**RECORDS SHOWN**
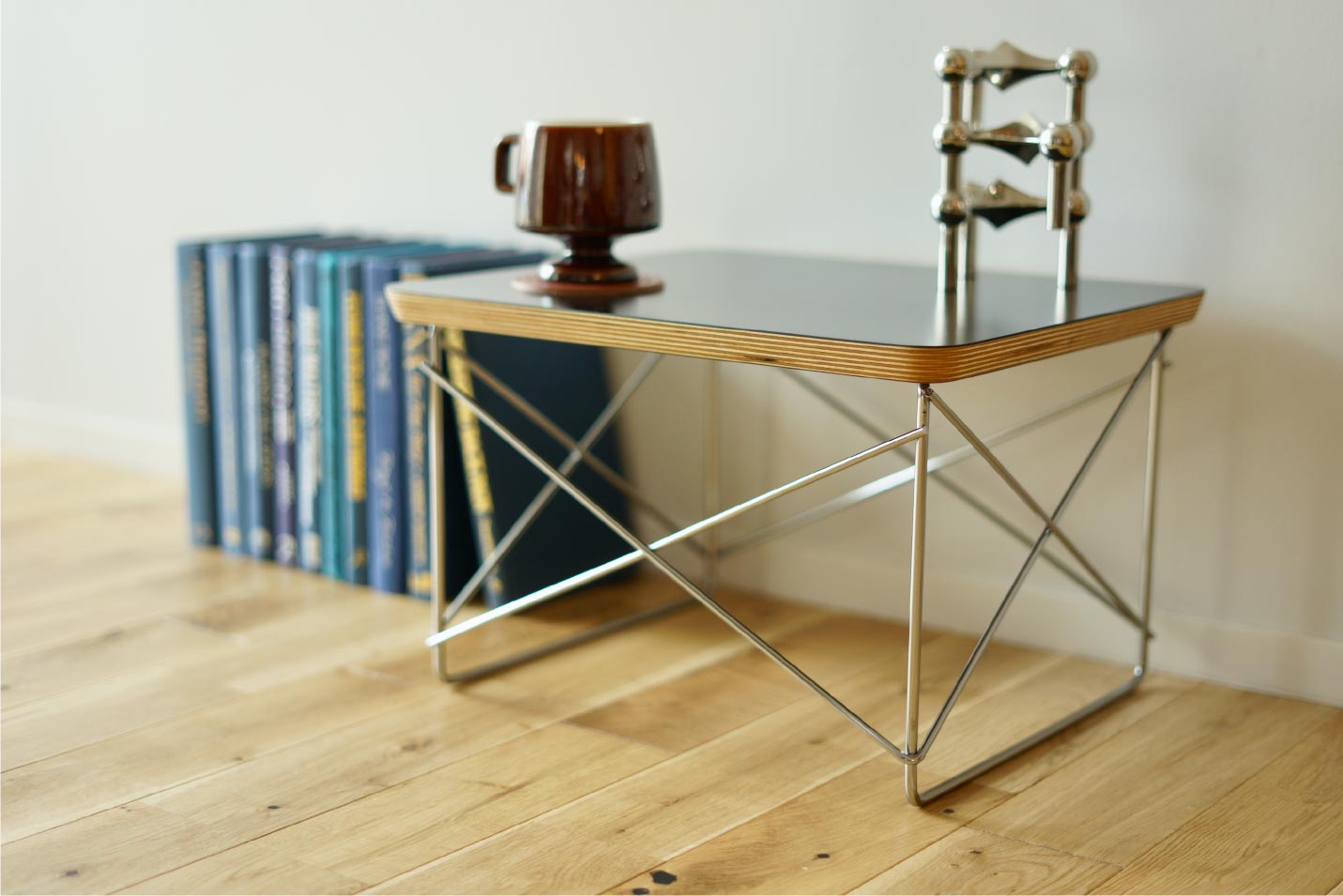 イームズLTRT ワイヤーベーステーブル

--

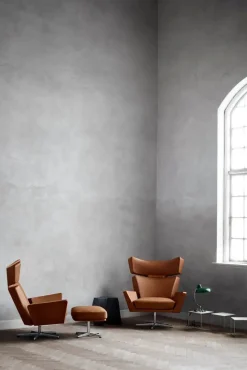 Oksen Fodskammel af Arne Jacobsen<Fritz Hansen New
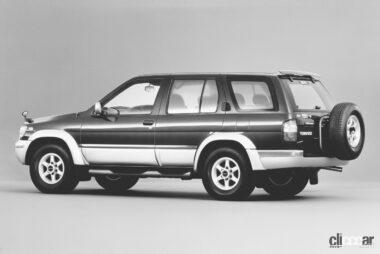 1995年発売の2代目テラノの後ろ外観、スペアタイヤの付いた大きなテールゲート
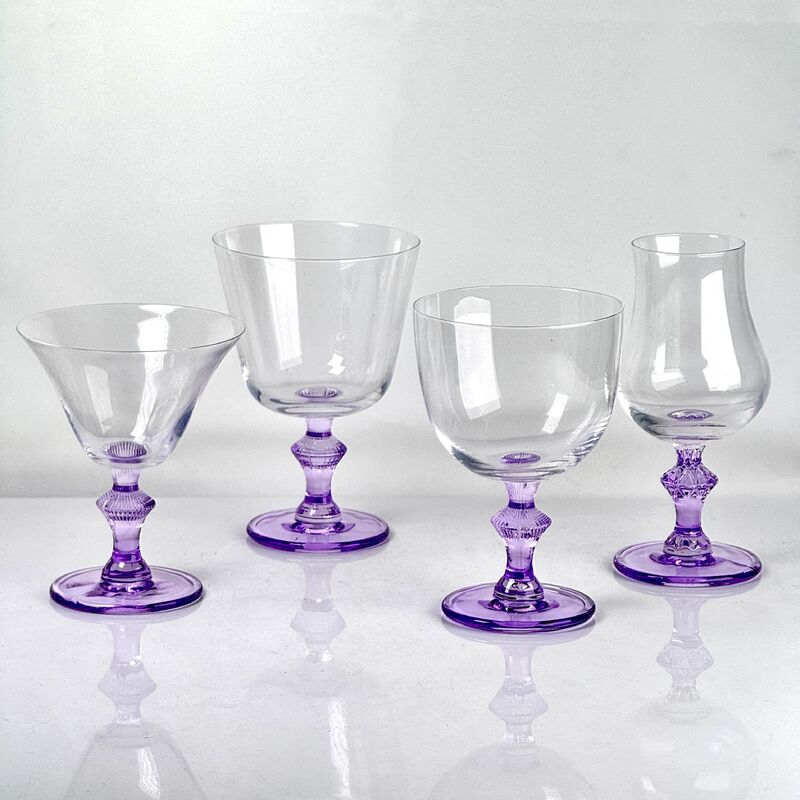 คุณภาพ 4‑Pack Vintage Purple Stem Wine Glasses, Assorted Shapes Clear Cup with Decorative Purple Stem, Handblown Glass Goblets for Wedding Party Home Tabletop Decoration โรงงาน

---

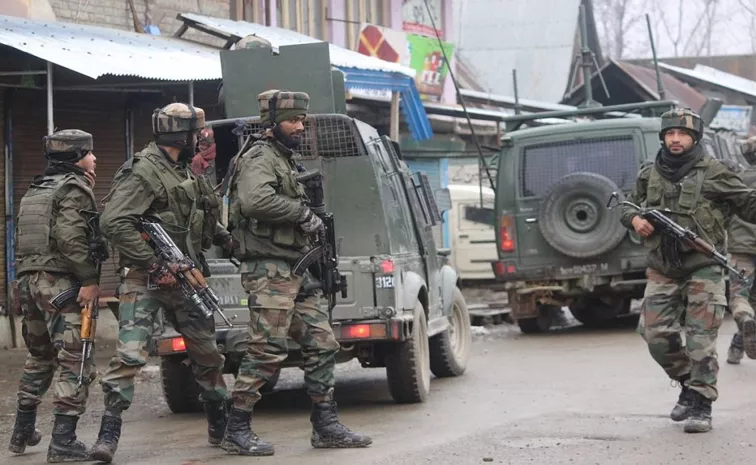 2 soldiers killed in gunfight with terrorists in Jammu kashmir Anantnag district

**YOUR TASK**
Reproduce the lines above beginning at the line that contains "Oksen Fodskammel af" and ending at the line that contains "คุณภาพ 4‑Pack Vintage". No pictures.

**EXERCISE RESULT**
 Oksen Fodskammel af Arne Jacobsen<Fritz Hansen New
 1995年発売の2代目テラノの後ろ外観、スペアタイヤの付いた大きなテールゲート
 คุณภาพ 4‑Pack Vintage Purple Stem Wine Glasses, Assorted Shapes Clear Cup with Decorative Purple Stem, Handblown Glass Goblets for Wedding Party Home Tabletop Decoration โรงงาน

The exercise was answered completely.